Sunday, October 27, 2013
Ind. Gov't. - A look at the use of caususes to fill legislative vacanies between general elections
Niki Kelly of the Fort Wayne Journal Gazette takes a long look today at the use of caucuses to fill legislative vacancies between general elections. The story is headed "Rise in caucuses raises questions about process of filling legislative vacancies: Critics think it lets the savvy do an end run around voters." Some quotes:
INDIANAPOLIS – Most Indiana legislators had to take their cases to thousands of voters before swearing their first oath of office. * * *
But another group – 28 lawmakers, almost 19 percent of the state’s 150 sitting legislators – arrived at the General Assembly through a much different process: a political caucus. * * *
And even though the House and Senate members caucused into the ranks face the voters for re-election, it is rare to lose as an incumbent. * * *
[Some] see the caucus as a type of political rigging for savvy folks who might have insider knowledge of upcoming vacancies. * * *
Whenever a vacancy occurs in a state legislative office, the precinct committee people from that district and from the party of the departing lawmaker meet to tap a replacement.
These precinct folks run for election to the post.

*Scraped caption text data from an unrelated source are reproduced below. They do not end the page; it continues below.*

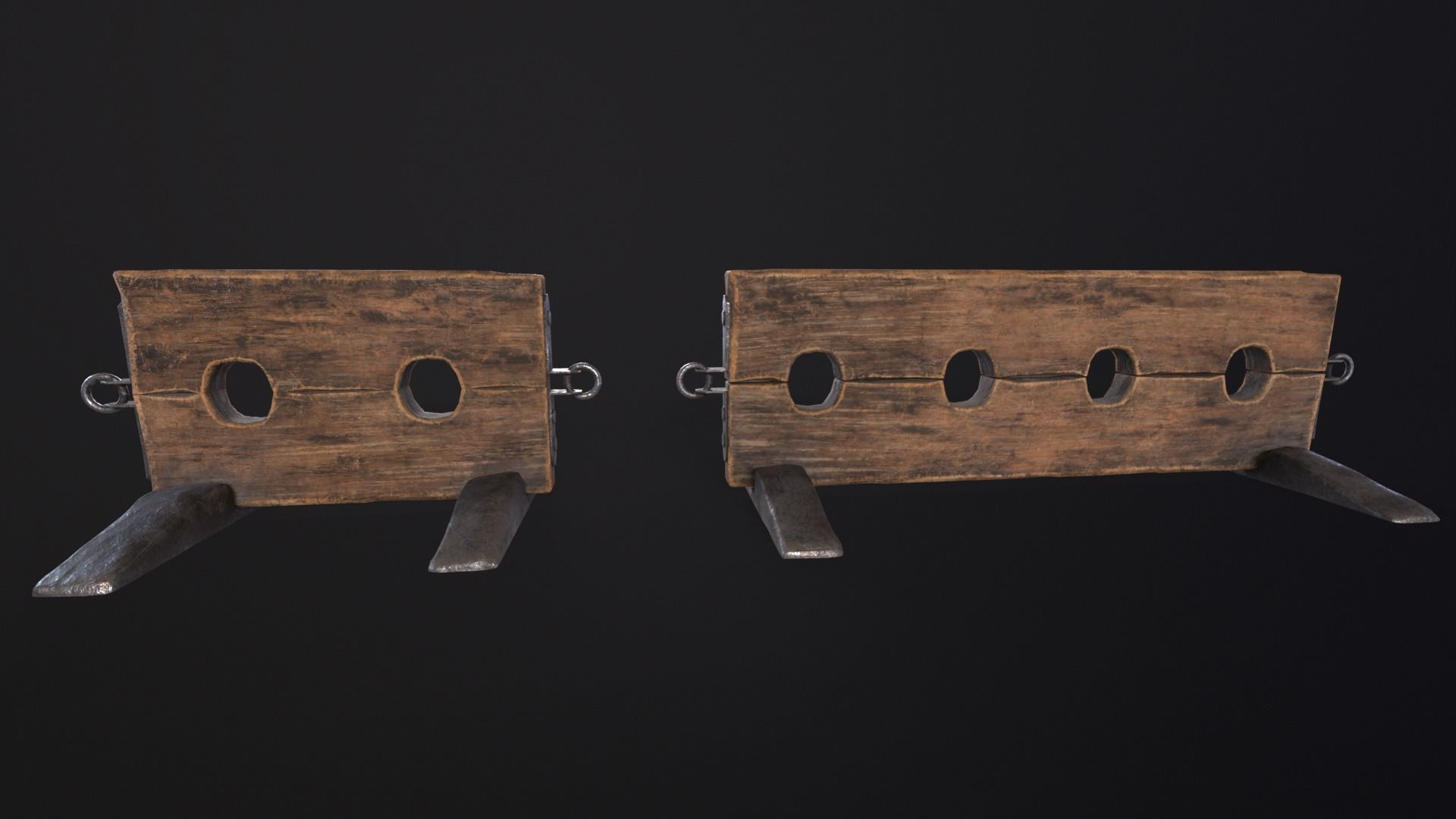 Medieval Ankle Worn Stock Low-poly 3D model_4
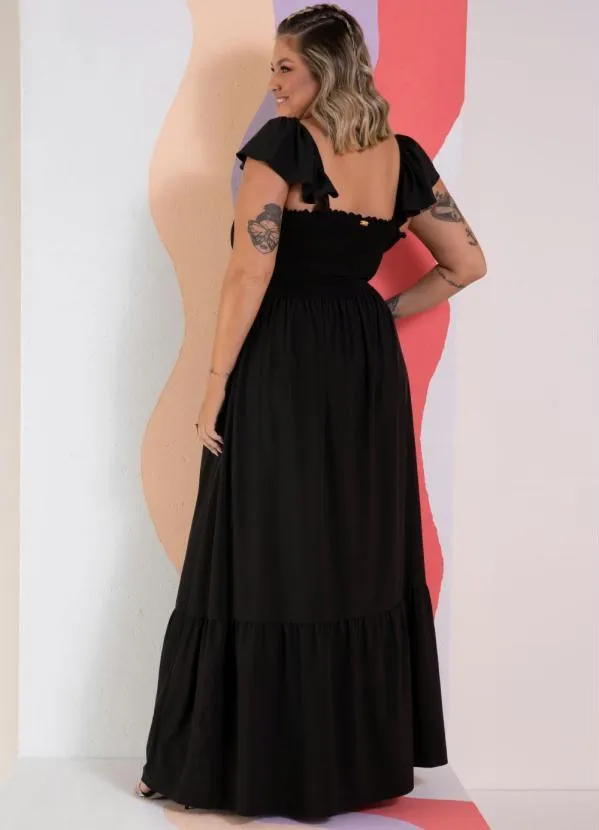 Quintess - Vestido Preto com Babados nas Alças e na Barra 3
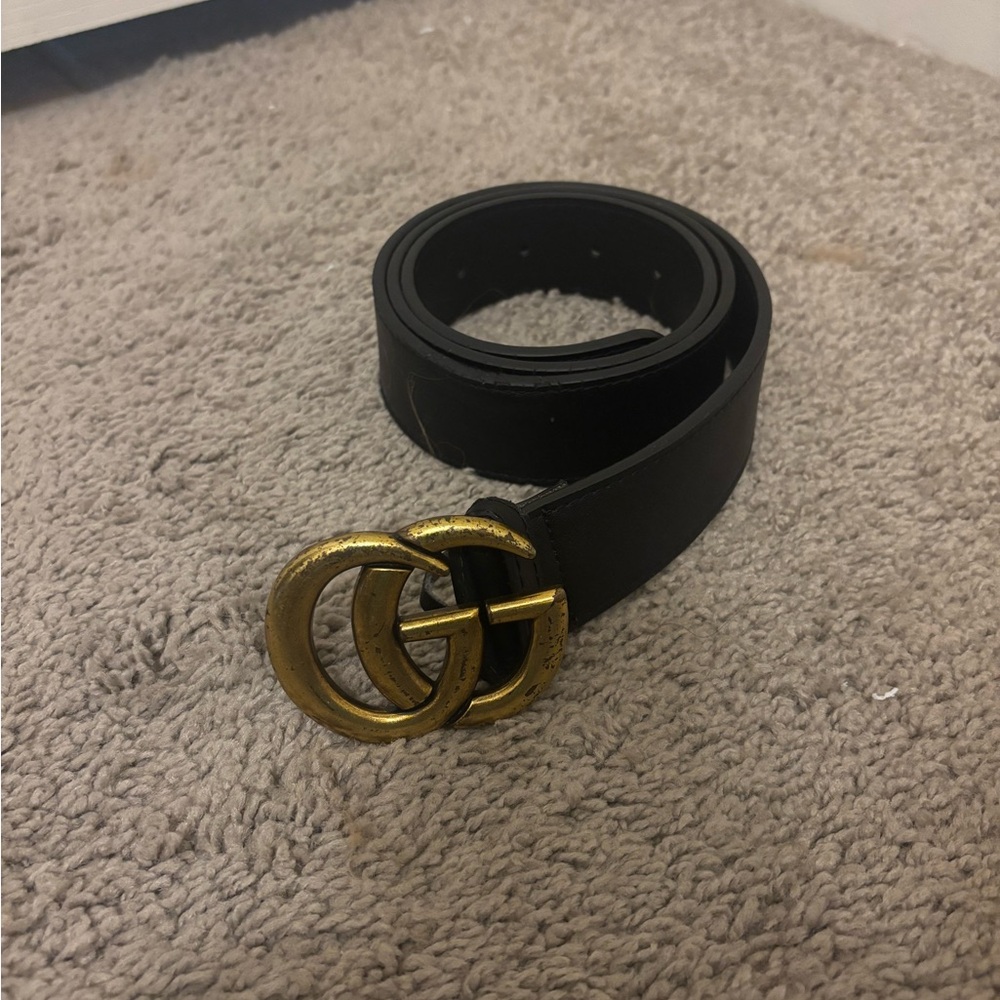 Black Belt with Gold Buckle Gucci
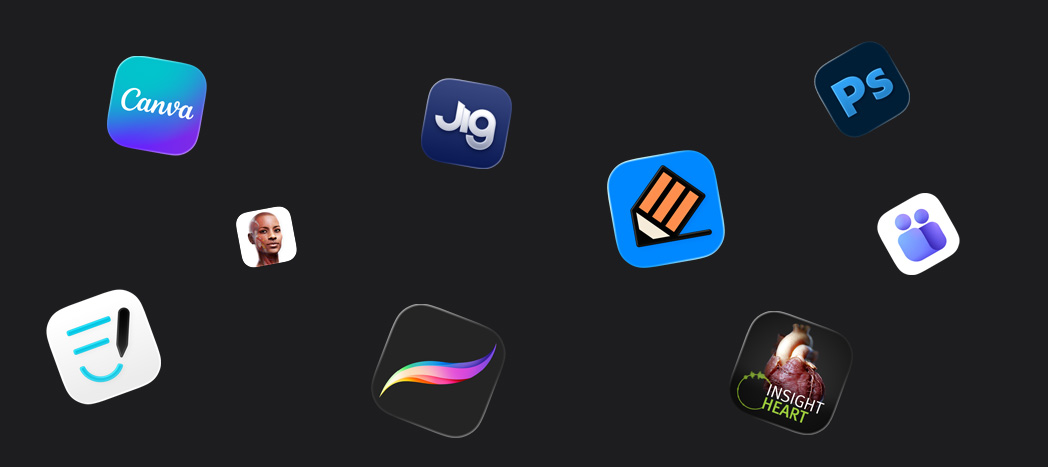 Diverses icônes d’apps partenaires dispersées, dont Goodnotes, Canva, Complete Anatomy, Procreate, JigSpace, Notability, INSIGHT HEART, Adobe Photoshop, Microsoft Teams
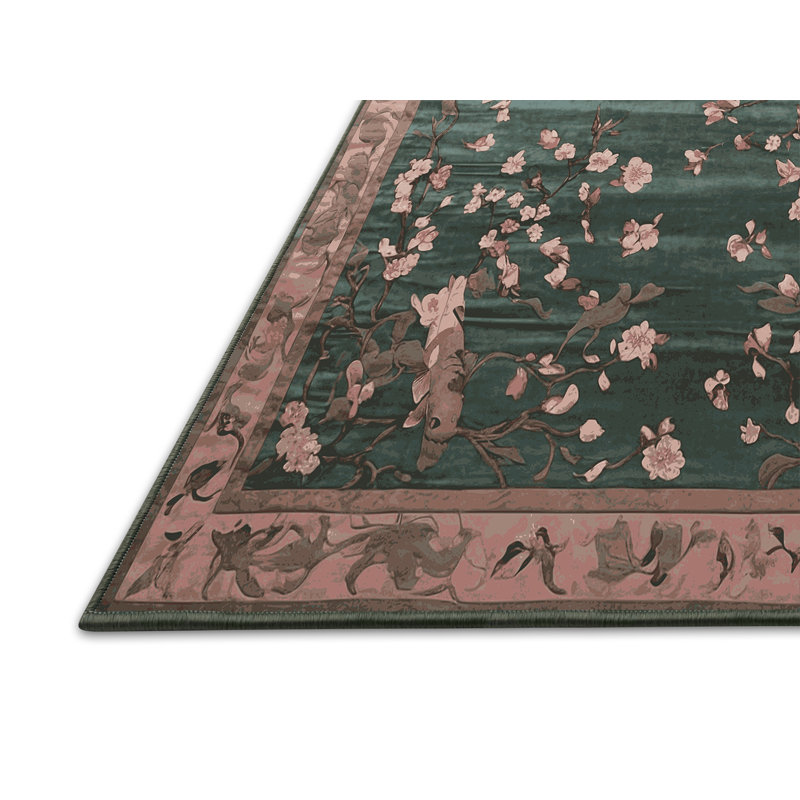 Tapis vert soyeux et moelleux, Rond 5 pi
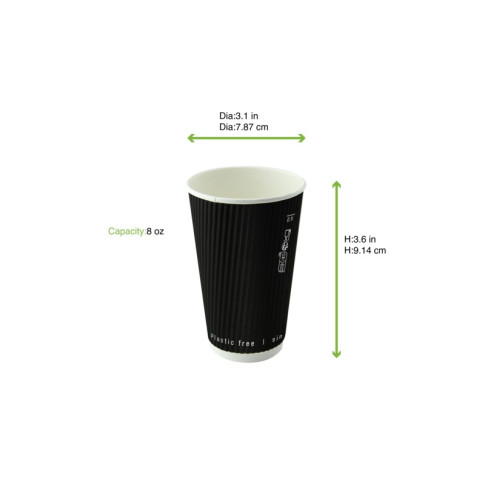 Bicchiere cartone nero doppia parete increspata plastic-free (PAP20)  H92mm 230ml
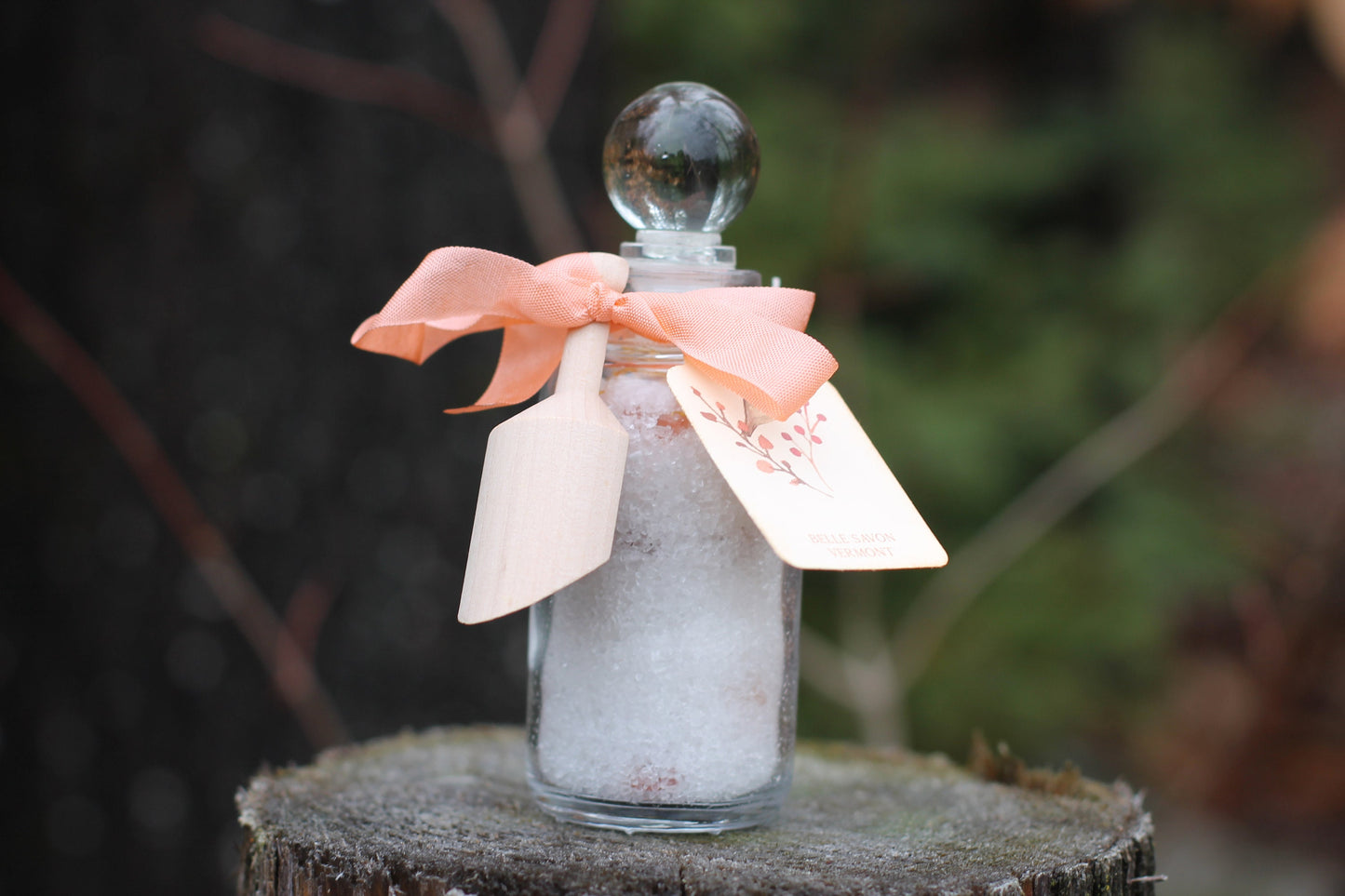 Aromatherapy Bath Soak-3oz Glass Bottle with Glass Top and Wooden MIni Scoop-Belle Savon Vermont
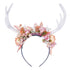 MOSTORY Handmade Pink White Antler Headband - Boho Fairy Deer Horns Hair Accessory for Renaissance Halloween Cosplay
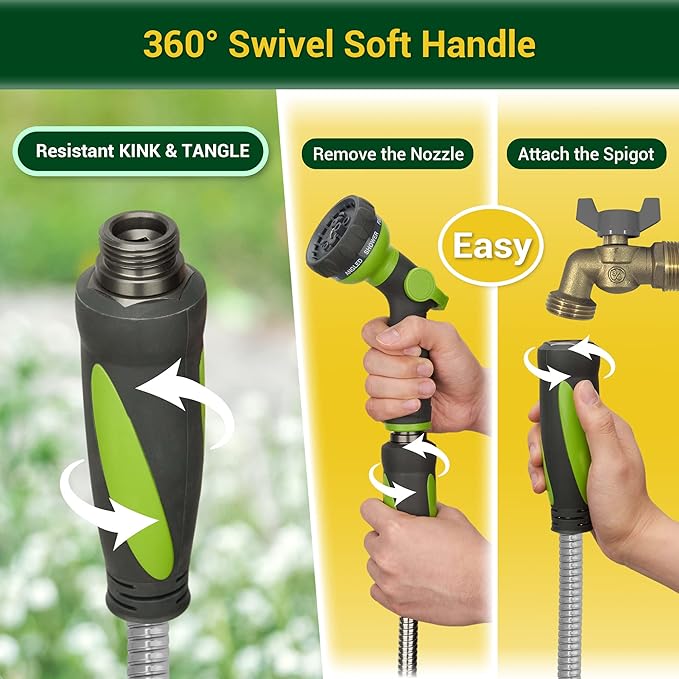 Garden Hose - Water Hose 100 FT with Swivel Handle & 8 Function Nozzle, Flexible, Heavy Duty, No Kink, Lightweight Metal Hose for Outdoor, Yard, 304 Stainless Steel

Or the county chairman appoints residents to fill a precinct committee slot if it becomes vacant.
Northeast Indiana has had a spate of caucuses in recent years – at least eight, more than other areas of the state.
Overall, the Senate has a larger number of members who came to the legislature by way of caucus – 18 compared with 10 in the House.
Of the 28 current state lawmakers who came in through a caucus, eight filled vacancies caused by death. The vast majority, 20, filled vacancies opened by resignations from office before a term was over.